As many of you have seen, the new marketplace is a vast improvement in ad posting over the old, trimming down 17 individual steps into just 5!

here is the new guide on how to post an ad in the marketplace!

http://tug2.net/timesharemarketplace/TimeshareMarketplaceInstructions.html


----------



## DeniseM (Jan 3, 2015)

Brian - is there a way to see your own Ads in grid form, and sort them, like you used to be able to? Maybe it's operator error, but now I just see my Ads as a long unsorted list, showing the whole Ad.


----------



## TUGBrian (Jan 3, 2015)

is not one currently, the sort order should be from newest to oldest.

ill see what we can do to get a better sorting feature for those of you with tons of ads.


----------



## DeniseM (Jan 3, 2015)

That would be great - if one has a ton of Ads, it's difficult to find a specific Ad.  That means that people will be unlikely to go to the trouble to mark their Ads rented, because it's difficult to find them.

I'd love a system where I could search for my Ad by number, go directly to it, and edit it.


----------



## VegasBella (Jan 3, 2015)

DeniseM said:


> I'd love a system where I could search for my Ad by number, go directly to it, and edit it.



Or some sort of automated setting that sends an email to the ad-maker every 30 days or so with a link to edit the ad. The email could encourage people to remove or edit their ads if the TS has been rented or sold. 

Something else I'd like to see: an easier way to narrow by location. Or a map that plots the ads. For example, if I search for "Carlsbad" the only resorts that come up are the ones with Carlsbad in their name, not all the resorts in Carlsbad.


----------



## TUGBrian (Jan 3, 2015)

an automated email is already sent 10 days prior to an ad expiring reminding the owner that the ad will expire unless they extend it.


----------



## Pathways (Jan 11, 2015)

There are numerous resorts in which I have interest. As I have already seen all the current adds, I always sorted by the most recently placed ads so I could view all of them, without viewing the older ads I have no interest in.

Is there any way to sort for the 'newest ads' in the new system?
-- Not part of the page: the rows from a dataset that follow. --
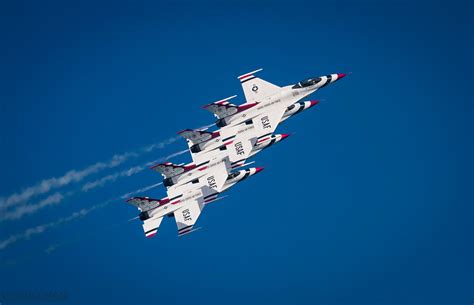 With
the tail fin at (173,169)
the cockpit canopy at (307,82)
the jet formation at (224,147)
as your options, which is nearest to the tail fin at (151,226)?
the jet formation at (224,147)

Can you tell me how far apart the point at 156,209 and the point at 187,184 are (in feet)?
8.60

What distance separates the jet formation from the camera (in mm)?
60750

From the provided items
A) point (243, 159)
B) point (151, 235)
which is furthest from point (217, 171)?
point (151, 235)

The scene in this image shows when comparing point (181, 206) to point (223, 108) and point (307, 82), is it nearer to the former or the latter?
point (223, 108)

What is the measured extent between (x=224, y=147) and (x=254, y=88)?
13.8 ft

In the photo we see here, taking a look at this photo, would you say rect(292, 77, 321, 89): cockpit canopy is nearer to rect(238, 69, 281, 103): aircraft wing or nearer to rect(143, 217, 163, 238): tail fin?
rect(238, 69, 281, 103): aircraft wing

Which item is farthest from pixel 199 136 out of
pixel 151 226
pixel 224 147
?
pixel 151 226

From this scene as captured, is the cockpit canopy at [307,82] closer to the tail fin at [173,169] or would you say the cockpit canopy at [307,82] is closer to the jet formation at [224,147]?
the jet formation at [224,147]

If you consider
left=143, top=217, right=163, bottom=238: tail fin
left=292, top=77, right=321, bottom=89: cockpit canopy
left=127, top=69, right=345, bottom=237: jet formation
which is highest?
left=292, top=77, right=321, bottom=89: cockpit canopy

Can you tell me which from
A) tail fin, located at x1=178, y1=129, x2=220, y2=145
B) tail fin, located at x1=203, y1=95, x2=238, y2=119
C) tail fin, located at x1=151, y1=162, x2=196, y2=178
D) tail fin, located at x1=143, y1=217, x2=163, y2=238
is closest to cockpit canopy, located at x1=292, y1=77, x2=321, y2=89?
tail fin, located at x1=203, y1=95, x2=238, y2=119

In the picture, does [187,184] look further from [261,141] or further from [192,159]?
[261,141]

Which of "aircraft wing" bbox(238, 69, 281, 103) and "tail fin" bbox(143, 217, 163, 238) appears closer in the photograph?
"aircraft wing" bbox(238, 69, 281, 103)

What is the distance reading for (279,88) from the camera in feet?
203

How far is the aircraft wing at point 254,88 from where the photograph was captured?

The way I am doing it now, I have to guess what I have already seen.


----------



## TUGBrian (Jan 12, 2015)

clicking the sort feature at the top right hand of the results list provides an option for "posted date"

this allows you to show from most recently posted to oldest...or vice versa should you click it again.


----------



## Pathways (Jan 12, 2015)

That feature seems to work only after a subset of listings is selected. Eg: for sale, Florida Keys.

How can I select 'all timeshares for sale' and then sort?


----------



## TUGBrian (Jan 12, 2015)

yes, its only available once drilling down into a subset of the marketplace.

you could also setup the resorts you are interested in in your watch list, that way you are notified when new ads/reviews/etc are posted for it.


----------